Recorded data —
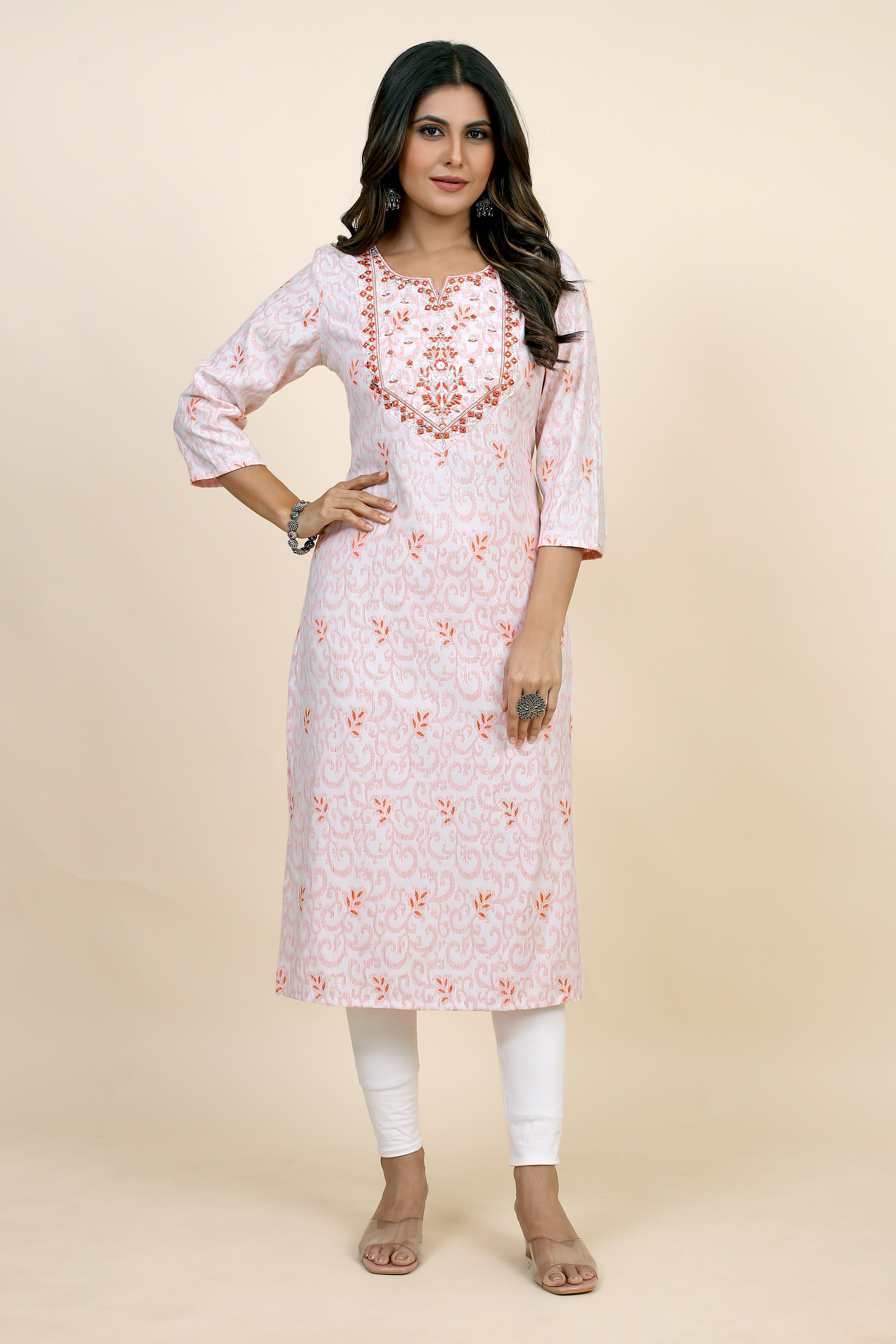 rose water three quarter sleeve straight kurta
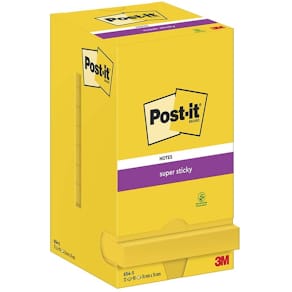 Notes Post-it Super Sticky gul 76x76 mm, PEFC, 12 blokke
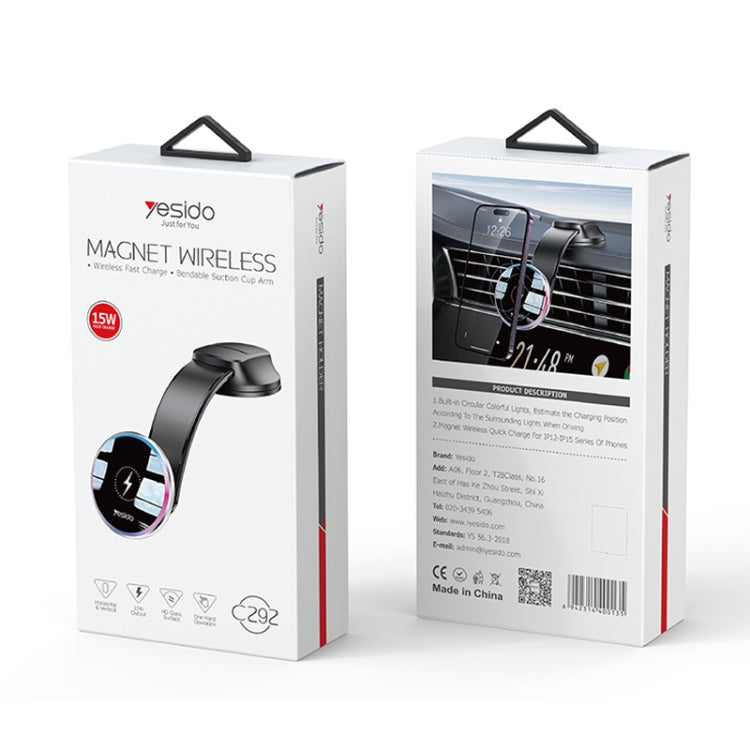 Yesido C292 15W Magnetic Suction Wireless Charging Car Holder by Yesido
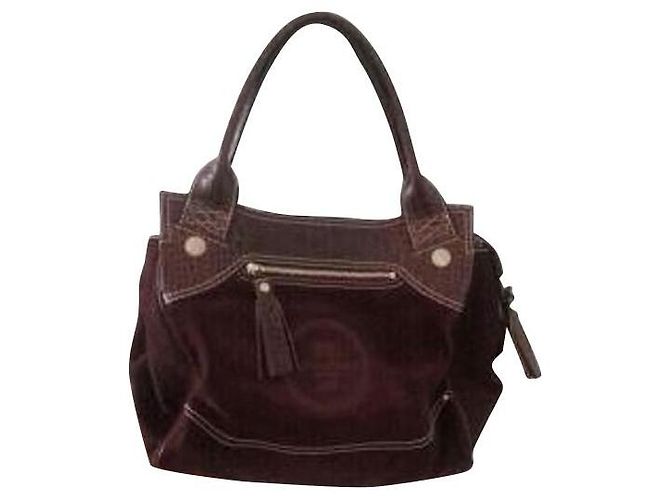 Lancel Crocodile-style split calf leather handbag. Dark brown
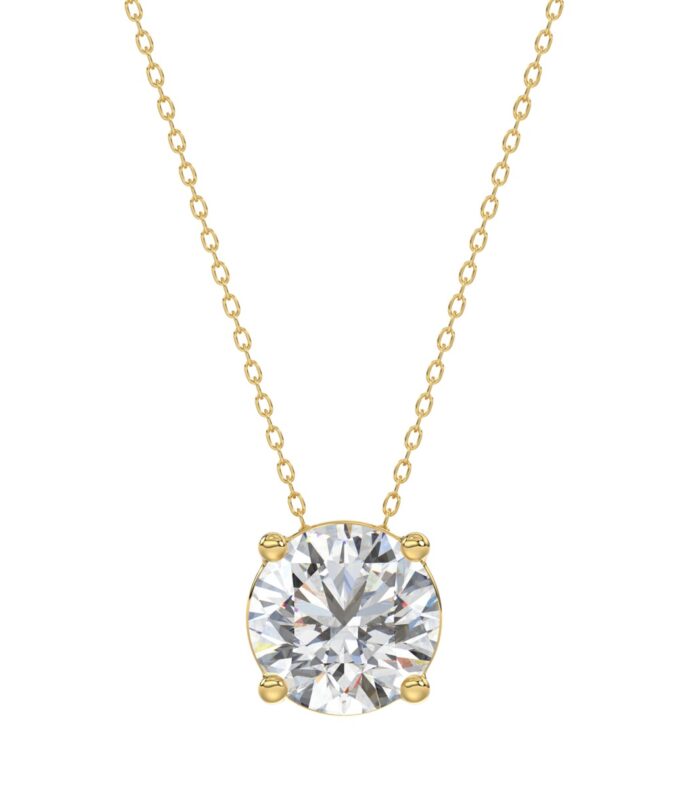 LADIES SOLITAIRE PENDANT WITH UNDER-PASS CHAIN 2.00CT ROUND DIAMOND 14K YELLOW GOLD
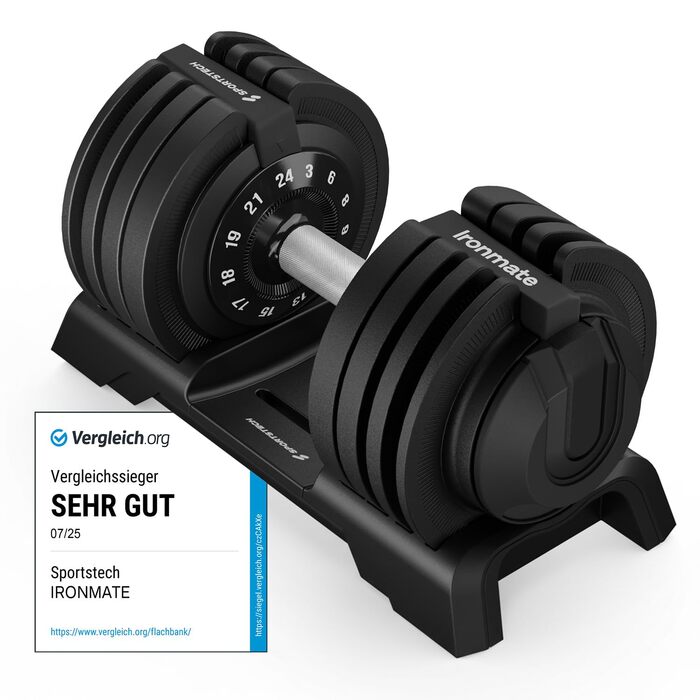 Ironmate Регульовані гантелі для дому, 1.5-18/24/40 кг, з набором дисків, 12-16 ваг, компактні, з неслизьким грифом, для силових тренувань, з підставкою (Ironmate 24 чорні)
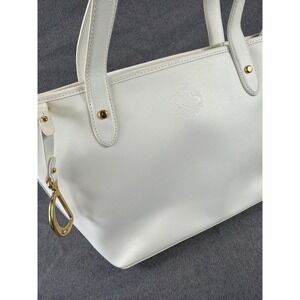 LRL Ralph Lauren Tote Bag Handbag Medium White Textured Shoulder Crest Logo Zip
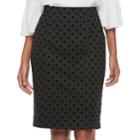 Women's Elle&trade; Polka-dot Pencil Skirt, Size: Medium, Black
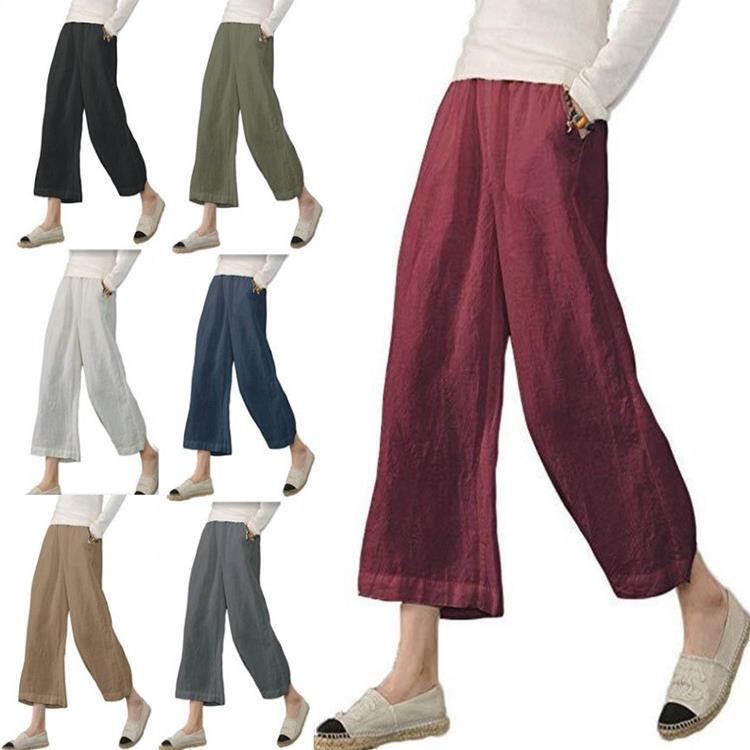 2023 Women's Spring/Summer Ebay Solid Color Cotton Linen Loose Casual Wide-Leg Cropped Pants Women's Cotton Linen Wide-Leg Pants for Summer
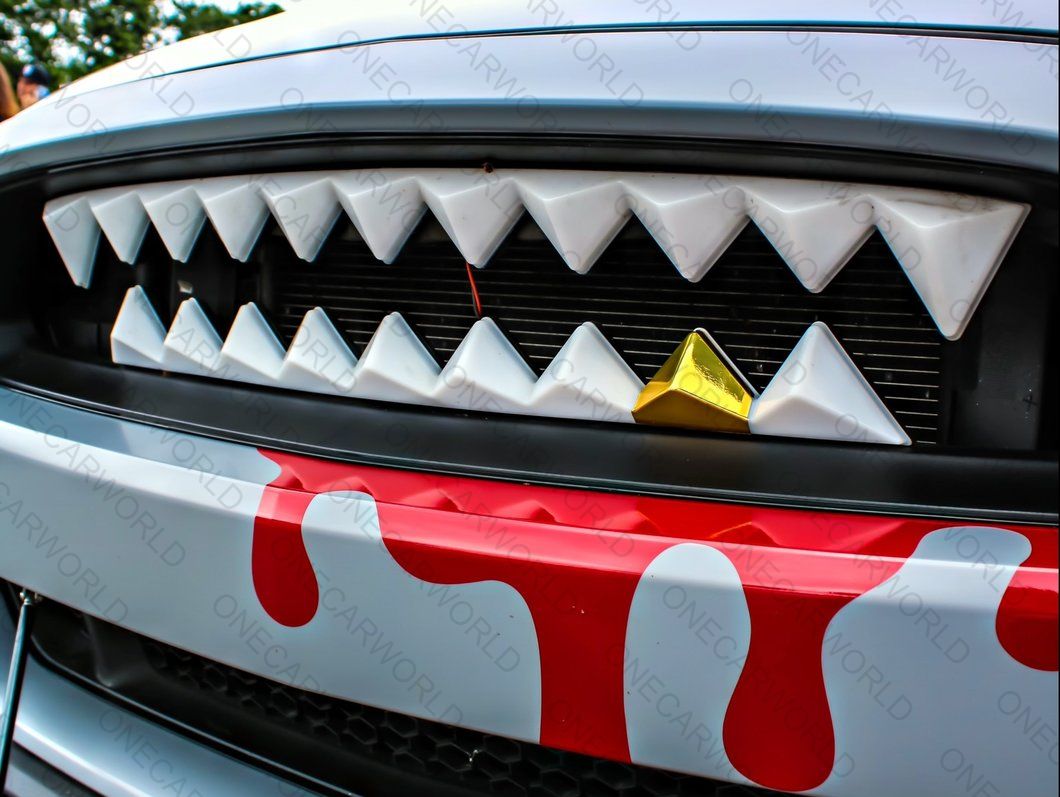 MP Concept Shark Bite Style Front Grille with Red LED Accent Lighting Compatible with 2015–2017 Mustang GT, EcoBoost, and V6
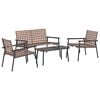 vidaXL Ensemble de salle &agrave; manger pour jardin 4 pc Marron polyrotin
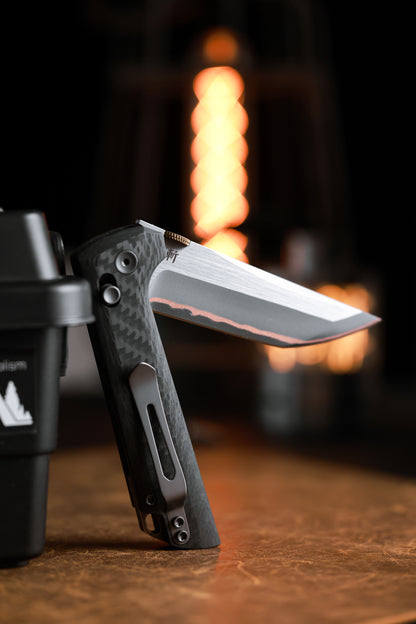 2418-CF-5 Crossbar Lock  5-Layer Copper Steel 3.5" Blade Japanese-style tactical folding knife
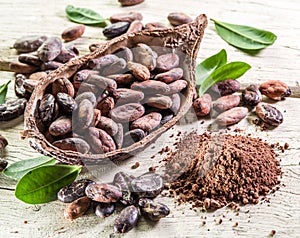 Cocao powder and cocao beans on the wood. photo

Task description —
With the pictures excluded, transcribe word for word only the lines from the one containing "vidaXL Ensemble de" through the last line of the records.

Exercise output —
 vidaXL Ensemble de salle &agrave; manger pour jardin 4 pc Marron polyrotin
 2418-CF-5 Crossbar Lock  5-Layer Copper Steel 3.5" Blade Japanese-style tactical folding knife
 Cocao powder and cocao beans on the wood. photo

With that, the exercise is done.